→ **WHAT YOU SHOULD DO**
Given these entries, repeat exactly the lines starting with the one that has "Bedroom, Bed in" and going on through the one that has "100% Authentic Hugo", both included, but none of the pictures.

→ **DATA FOR THE TASK**
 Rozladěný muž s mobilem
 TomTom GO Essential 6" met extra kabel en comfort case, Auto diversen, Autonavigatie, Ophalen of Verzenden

...

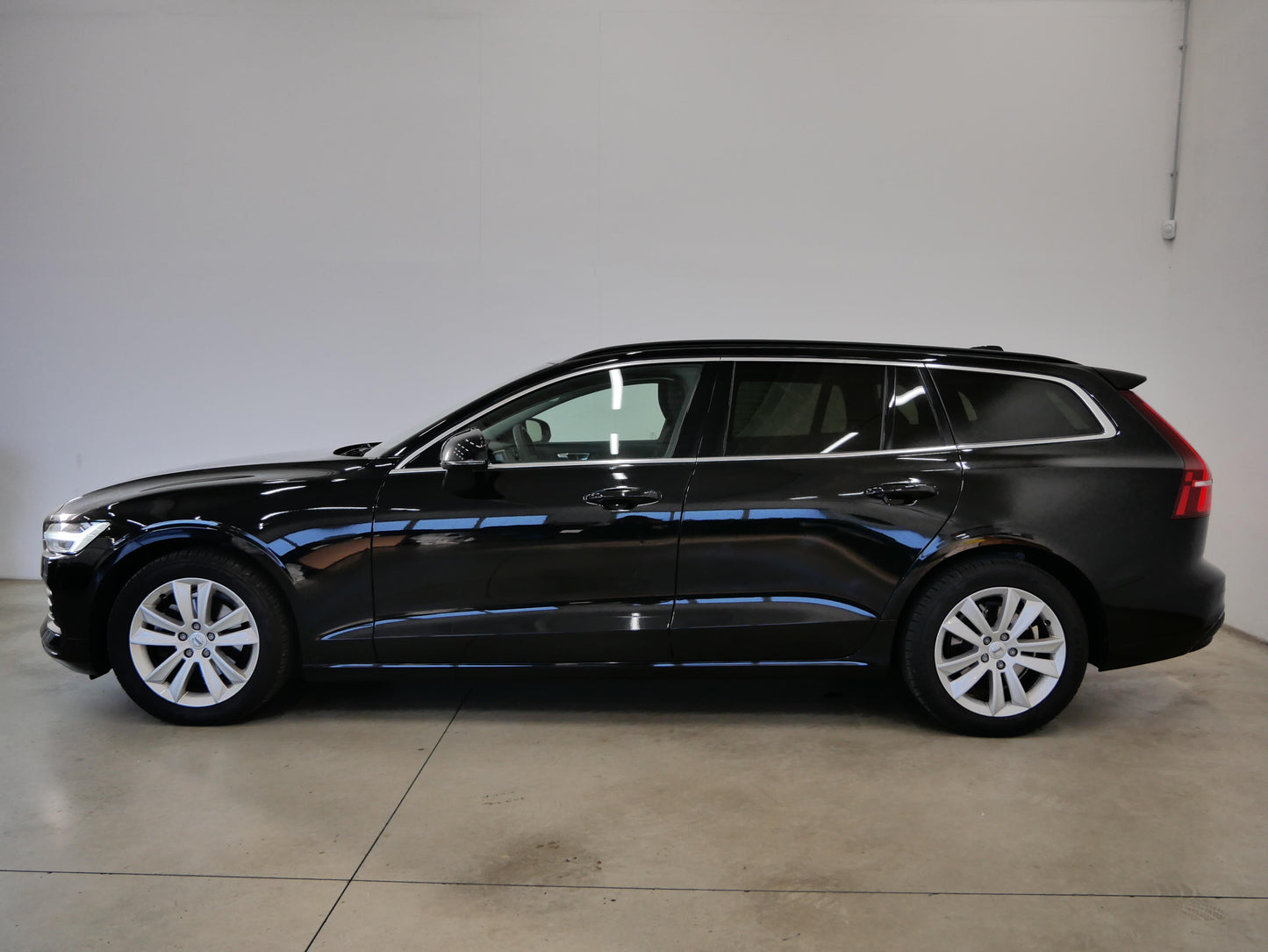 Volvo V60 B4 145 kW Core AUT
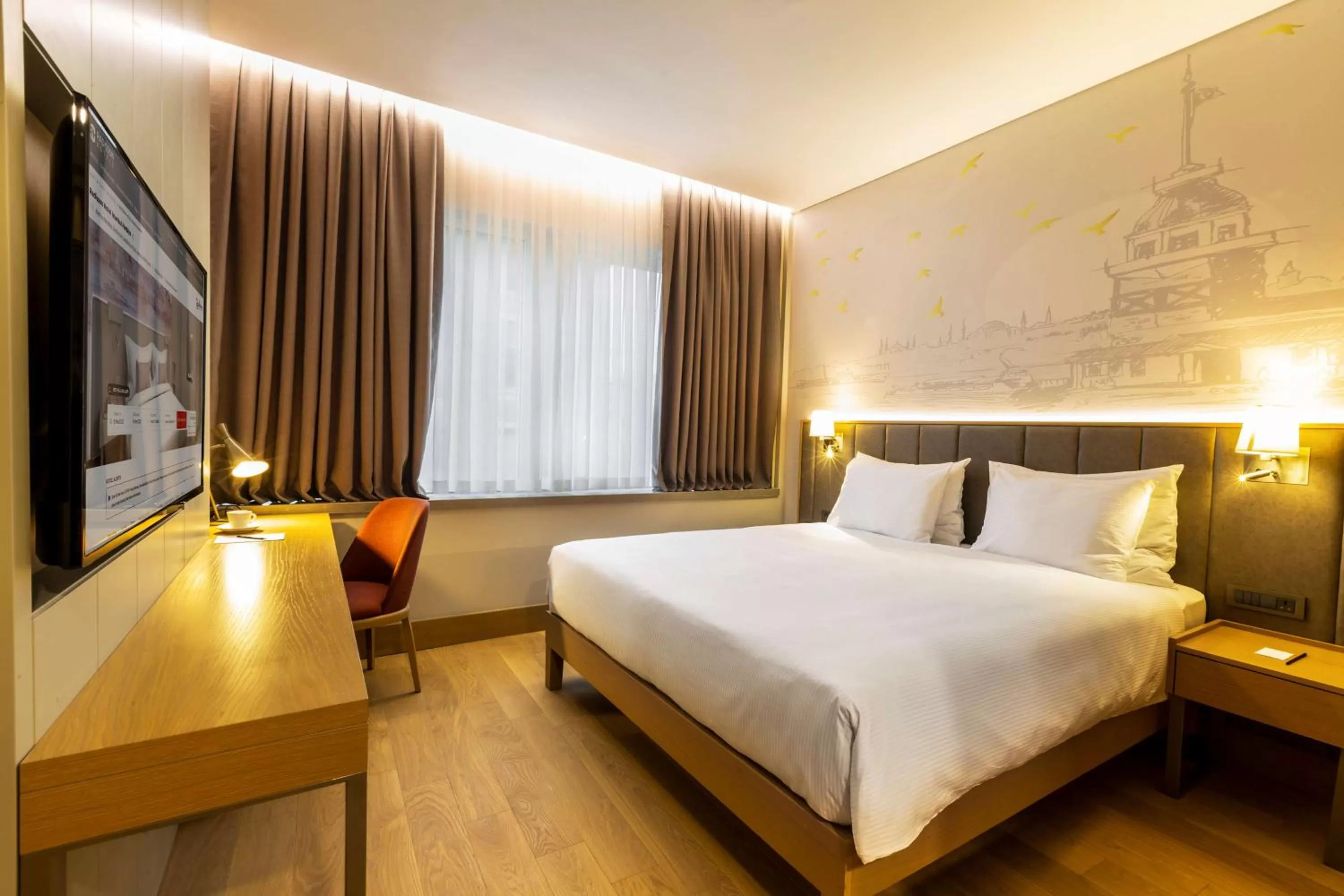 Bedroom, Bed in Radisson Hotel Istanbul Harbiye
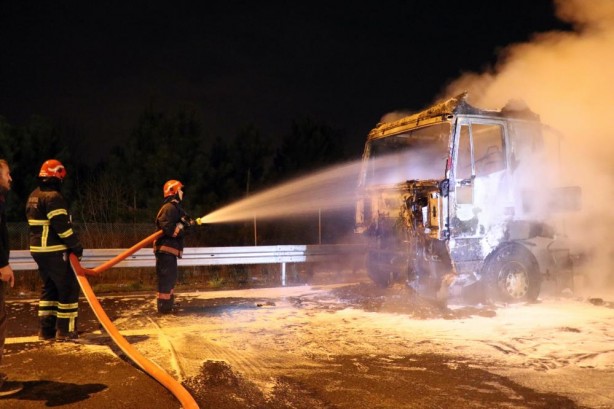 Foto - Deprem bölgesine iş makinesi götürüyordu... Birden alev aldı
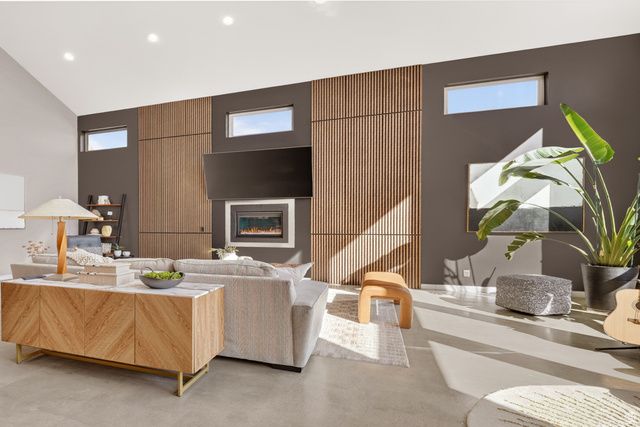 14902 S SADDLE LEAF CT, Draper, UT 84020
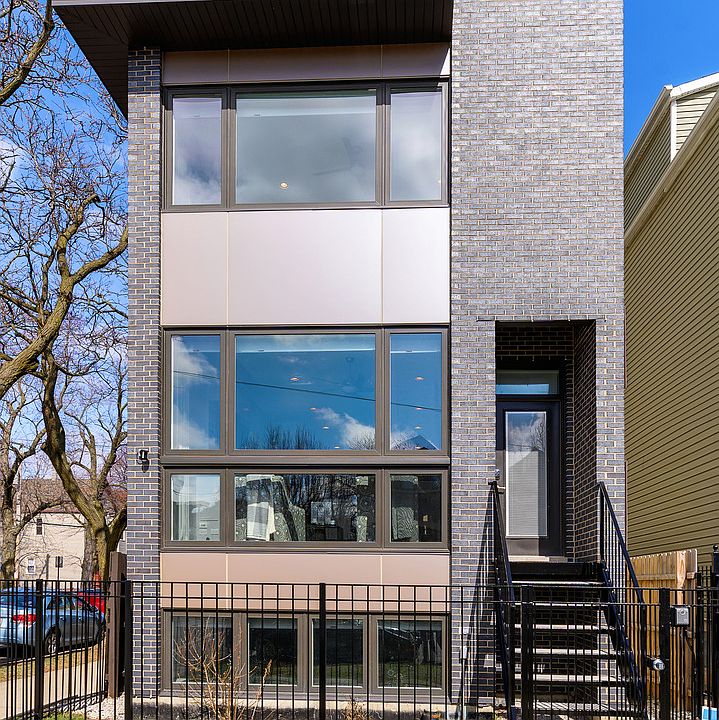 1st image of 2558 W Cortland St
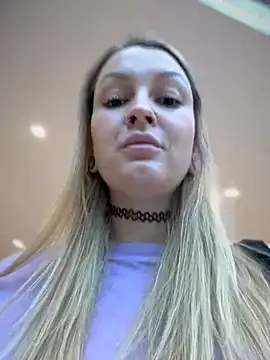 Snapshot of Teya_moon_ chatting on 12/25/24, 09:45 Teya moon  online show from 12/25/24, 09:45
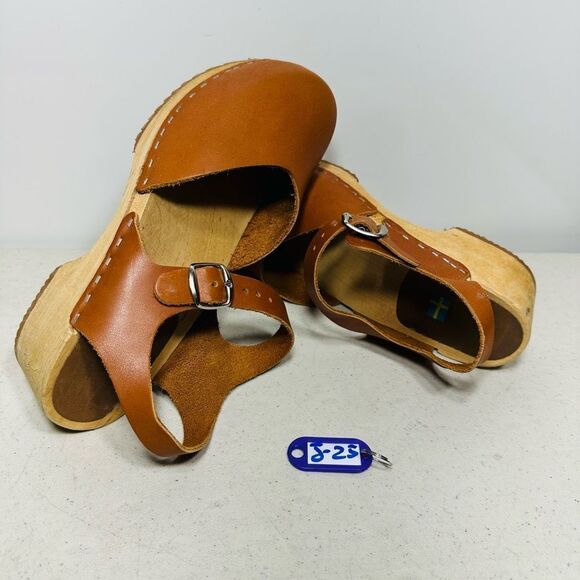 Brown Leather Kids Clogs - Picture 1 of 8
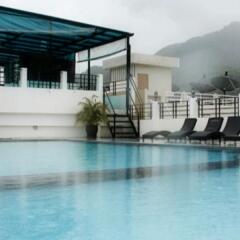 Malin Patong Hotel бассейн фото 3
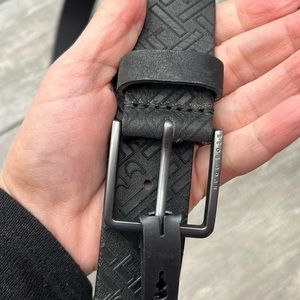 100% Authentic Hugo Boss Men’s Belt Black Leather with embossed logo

==

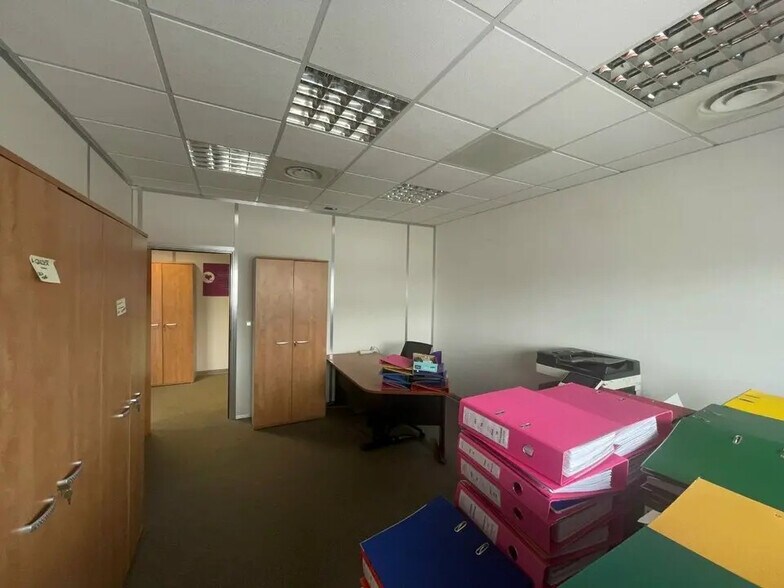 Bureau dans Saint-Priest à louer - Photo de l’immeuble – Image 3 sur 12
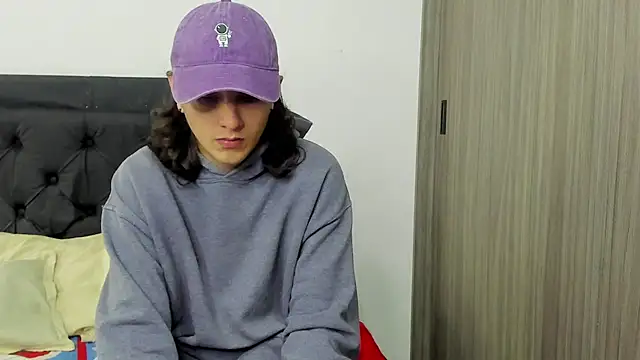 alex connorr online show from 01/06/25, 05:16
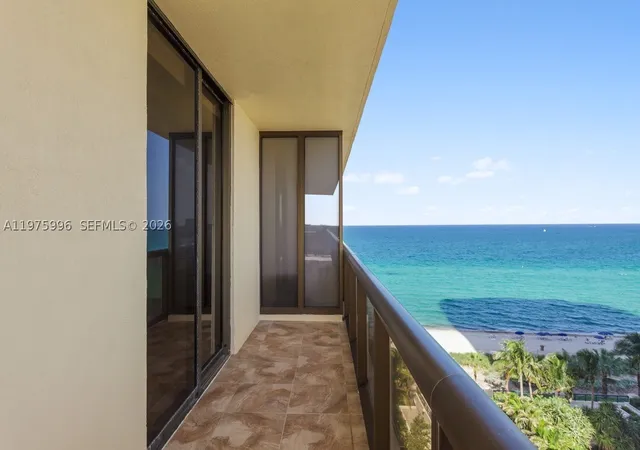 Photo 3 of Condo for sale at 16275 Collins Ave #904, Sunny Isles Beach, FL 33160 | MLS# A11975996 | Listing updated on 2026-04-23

→ **RESPONSE FOR THIS EXERCISE**
 Bedroom, Bed in Radisson Hotel Istanbul Harbiye
 Foto - Deprem bölgesine iş makinesi götürüyordu... Birden alev aldı
 14902 S SADDLE LEAF CT, Draper, UT 84020
 1st image of 2558 W Cortland St
 Snapshot of Teya_moon_ chatting on 12/25/24, 09:45 Teya moon  online show from 12/25/24, 09:45
 Brown Leather Kids Clogs - Picture 1 of 8
 Malin Patong Hotel бассейн фото 3
 100% Authentic Hugo Boss Men’s Belt Black Leather with embossed logo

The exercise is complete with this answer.